NIST

Jaro-Winkler

(algorithm)

Definition: A measure of similarity between two strings. The Jaro measure is the weighted sum of percentage of matched characters from each file and transposed characters. Winkler increased this measure for matching initial characters, then rescaled it by a piecewise function, whose intervals and weights depend on the type of string (first name, last name, street, etc.).

Generalization (I am a kind of ...)
string matching with errors.

See also Levenshtein distance, phonetic coding.

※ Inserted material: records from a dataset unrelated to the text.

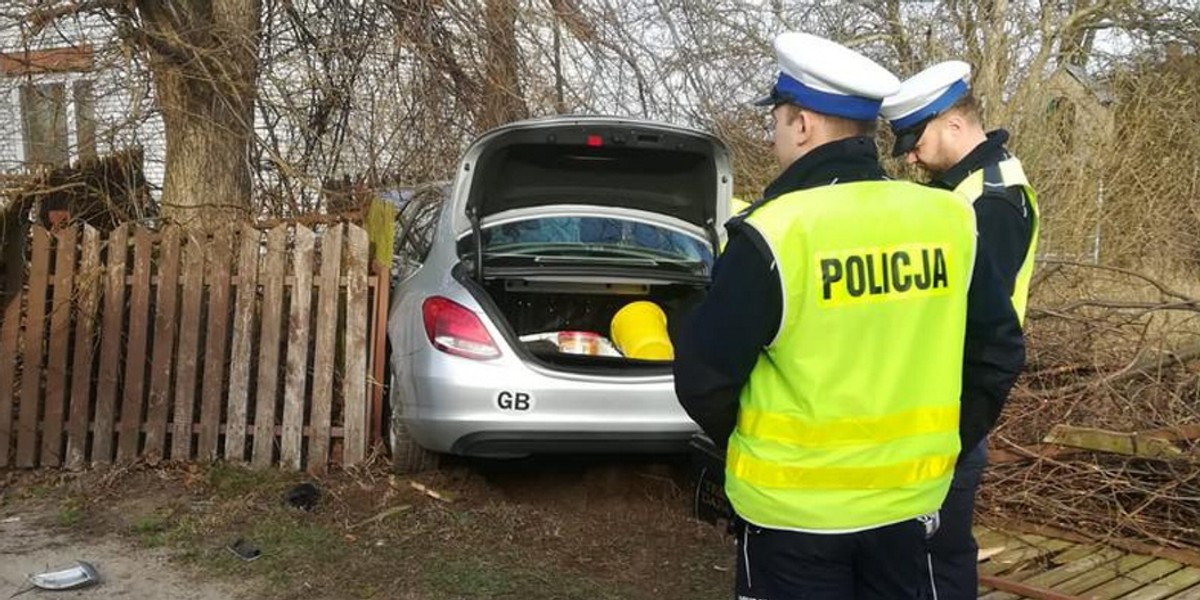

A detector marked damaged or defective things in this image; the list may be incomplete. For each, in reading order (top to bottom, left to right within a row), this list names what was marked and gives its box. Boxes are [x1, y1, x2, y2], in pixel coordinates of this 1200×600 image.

damaged fence [0, 223, 386, 472]
crashed vehicle [390, 115, 736, 472] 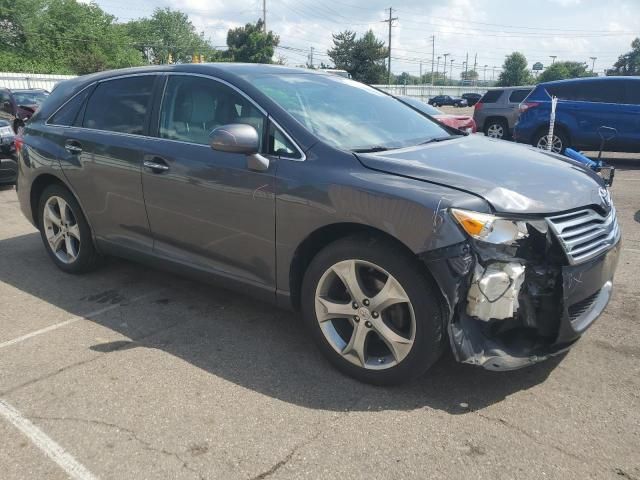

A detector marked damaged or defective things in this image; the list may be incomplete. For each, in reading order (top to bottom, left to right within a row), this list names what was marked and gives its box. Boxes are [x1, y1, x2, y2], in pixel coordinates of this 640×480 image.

crushed hood [356, 137, 604, 216]
broken headlight [448, 207, 528, 244]
front-end collision damage [422, 218, 584, 372] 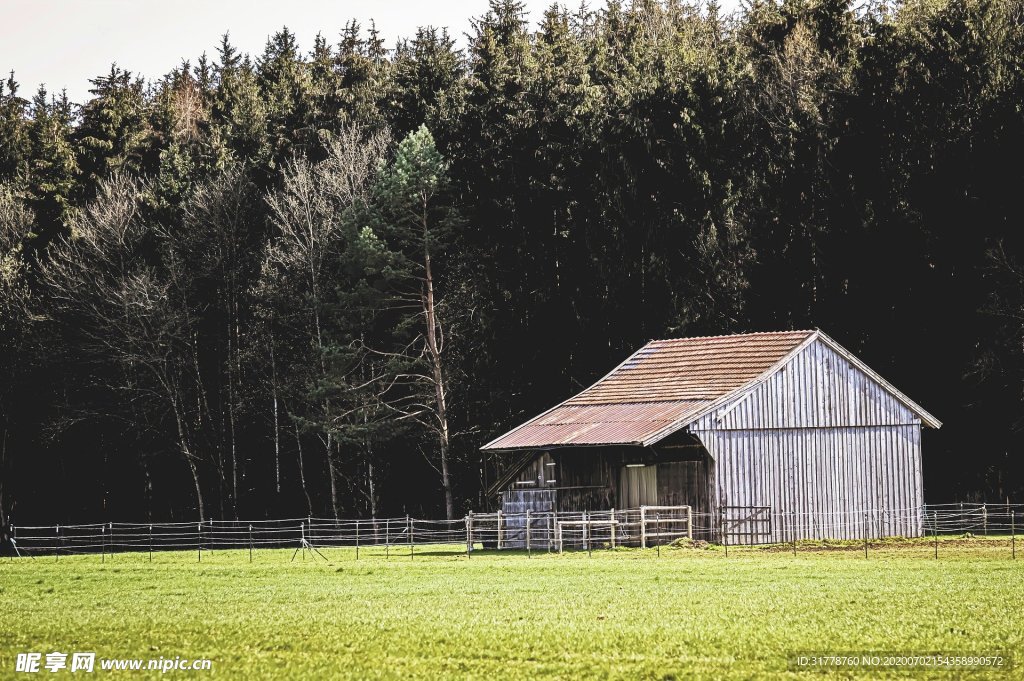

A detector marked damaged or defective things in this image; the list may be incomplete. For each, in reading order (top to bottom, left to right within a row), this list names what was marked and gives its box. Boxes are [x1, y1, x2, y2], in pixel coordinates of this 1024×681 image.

Note: For "piecewise function", see the definition in MathWorld or answers from Dr. Math.

Author: PEB

Implementation

Cohen, Ravikumar, and Fienberg have an implementation in their SecondString (Java) package.

More information

William E. Winkler and Yves Thibaudeau, An Application of the Fellegi-Sunter Model of Record Linkage to the 1990 U.S. Decennial Census, Statistical Research Report Series RR91/09, U.S. Bureau of the Census, Washington, D.C., 1991. The abstract (HTML) and full paper (PDF).
Matthew A. Jaro, Advances in Record-Linkage Methodology as Applied to Matching the 1985 Census of Tampa, Florida, Journal of the American Statistical Association, 84(406):414-420, June 1989.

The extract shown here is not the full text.